What you will do: What is the number of lines below that include "Chicken"? Give that number alone.

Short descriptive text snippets

------------------------

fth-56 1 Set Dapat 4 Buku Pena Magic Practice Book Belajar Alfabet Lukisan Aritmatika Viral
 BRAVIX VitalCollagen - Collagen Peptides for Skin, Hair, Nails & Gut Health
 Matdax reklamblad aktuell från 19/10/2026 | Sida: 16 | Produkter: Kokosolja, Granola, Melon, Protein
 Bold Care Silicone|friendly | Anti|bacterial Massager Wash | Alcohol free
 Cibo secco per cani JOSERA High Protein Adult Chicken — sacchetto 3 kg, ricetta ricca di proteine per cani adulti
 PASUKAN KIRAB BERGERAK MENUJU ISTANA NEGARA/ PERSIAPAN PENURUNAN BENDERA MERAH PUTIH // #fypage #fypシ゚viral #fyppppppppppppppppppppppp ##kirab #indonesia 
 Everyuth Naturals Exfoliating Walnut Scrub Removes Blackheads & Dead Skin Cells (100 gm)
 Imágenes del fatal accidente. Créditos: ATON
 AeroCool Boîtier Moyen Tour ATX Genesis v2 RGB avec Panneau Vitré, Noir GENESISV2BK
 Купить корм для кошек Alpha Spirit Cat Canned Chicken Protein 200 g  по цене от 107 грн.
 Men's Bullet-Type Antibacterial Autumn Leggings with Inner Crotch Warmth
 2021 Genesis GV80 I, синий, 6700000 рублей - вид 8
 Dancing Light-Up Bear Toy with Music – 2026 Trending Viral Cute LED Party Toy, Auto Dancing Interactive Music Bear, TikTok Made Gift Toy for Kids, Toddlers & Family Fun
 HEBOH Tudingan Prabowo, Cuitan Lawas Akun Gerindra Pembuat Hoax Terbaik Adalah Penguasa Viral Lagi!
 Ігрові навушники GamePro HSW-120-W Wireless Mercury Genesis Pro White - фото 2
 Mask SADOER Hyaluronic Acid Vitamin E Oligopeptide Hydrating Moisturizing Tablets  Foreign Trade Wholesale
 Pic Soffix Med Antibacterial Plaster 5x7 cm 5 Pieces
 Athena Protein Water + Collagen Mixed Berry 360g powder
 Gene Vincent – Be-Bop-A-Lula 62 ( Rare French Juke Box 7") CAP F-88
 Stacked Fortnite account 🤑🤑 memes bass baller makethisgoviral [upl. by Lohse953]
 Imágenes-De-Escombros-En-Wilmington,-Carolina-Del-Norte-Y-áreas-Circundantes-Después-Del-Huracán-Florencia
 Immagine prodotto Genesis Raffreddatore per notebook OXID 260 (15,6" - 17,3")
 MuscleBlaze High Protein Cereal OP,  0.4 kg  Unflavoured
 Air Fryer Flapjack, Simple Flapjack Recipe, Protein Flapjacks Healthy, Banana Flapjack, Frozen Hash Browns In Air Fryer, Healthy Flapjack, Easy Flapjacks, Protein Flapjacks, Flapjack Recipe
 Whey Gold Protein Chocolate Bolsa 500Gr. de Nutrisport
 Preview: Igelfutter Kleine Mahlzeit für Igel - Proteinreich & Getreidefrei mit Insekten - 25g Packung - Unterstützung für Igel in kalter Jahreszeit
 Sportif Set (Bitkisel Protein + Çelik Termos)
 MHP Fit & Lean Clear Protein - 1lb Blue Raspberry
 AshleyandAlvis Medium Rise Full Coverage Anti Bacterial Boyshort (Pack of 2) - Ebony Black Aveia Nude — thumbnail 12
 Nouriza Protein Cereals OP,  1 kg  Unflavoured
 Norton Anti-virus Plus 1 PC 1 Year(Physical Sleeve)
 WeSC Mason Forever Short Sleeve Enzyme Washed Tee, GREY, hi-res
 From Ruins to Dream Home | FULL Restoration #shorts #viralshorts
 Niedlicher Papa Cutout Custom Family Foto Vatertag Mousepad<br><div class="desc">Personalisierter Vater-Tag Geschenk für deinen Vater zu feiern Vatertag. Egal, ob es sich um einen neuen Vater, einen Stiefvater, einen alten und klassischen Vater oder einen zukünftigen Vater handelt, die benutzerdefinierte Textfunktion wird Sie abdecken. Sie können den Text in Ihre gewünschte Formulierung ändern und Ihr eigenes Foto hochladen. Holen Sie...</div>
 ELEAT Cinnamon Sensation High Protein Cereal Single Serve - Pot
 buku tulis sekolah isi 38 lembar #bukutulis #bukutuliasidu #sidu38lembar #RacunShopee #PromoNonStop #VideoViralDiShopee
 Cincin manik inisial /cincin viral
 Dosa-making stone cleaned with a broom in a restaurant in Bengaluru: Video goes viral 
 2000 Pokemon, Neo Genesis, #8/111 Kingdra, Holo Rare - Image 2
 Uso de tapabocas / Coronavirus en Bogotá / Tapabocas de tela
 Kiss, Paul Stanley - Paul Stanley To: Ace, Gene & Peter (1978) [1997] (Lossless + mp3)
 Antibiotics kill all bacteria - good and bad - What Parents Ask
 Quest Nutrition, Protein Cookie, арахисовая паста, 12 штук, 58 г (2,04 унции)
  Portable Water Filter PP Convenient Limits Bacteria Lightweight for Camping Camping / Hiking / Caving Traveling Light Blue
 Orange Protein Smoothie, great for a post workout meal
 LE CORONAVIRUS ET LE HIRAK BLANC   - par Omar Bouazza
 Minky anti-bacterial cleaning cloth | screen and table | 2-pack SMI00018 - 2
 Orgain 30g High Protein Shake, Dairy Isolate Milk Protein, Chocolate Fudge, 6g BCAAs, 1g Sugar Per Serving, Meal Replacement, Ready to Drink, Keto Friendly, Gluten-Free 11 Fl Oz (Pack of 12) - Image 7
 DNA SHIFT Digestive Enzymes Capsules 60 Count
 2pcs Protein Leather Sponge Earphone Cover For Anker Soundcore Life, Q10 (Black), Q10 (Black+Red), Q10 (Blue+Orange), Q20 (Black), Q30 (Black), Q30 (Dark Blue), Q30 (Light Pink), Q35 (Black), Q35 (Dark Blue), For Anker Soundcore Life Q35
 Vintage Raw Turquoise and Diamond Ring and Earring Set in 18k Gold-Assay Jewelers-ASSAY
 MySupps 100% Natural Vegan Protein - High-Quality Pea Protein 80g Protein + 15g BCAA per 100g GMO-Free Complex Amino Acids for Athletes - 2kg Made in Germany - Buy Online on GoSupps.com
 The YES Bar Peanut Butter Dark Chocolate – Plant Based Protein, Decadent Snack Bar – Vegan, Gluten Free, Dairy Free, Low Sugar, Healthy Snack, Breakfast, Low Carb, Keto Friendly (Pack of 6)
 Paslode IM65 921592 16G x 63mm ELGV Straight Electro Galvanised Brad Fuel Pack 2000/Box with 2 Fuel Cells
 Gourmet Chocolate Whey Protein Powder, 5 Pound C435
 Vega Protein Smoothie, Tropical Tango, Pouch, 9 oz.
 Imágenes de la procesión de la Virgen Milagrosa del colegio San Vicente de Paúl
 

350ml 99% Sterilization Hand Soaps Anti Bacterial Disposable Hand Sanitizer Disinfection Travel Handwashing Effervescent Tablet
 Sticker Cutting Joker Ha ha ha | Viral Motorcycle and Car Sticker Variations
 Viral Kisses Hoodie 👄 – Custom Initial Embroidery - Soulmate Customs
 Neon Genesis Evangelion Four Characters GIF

------------------------

Output of the exercise: 2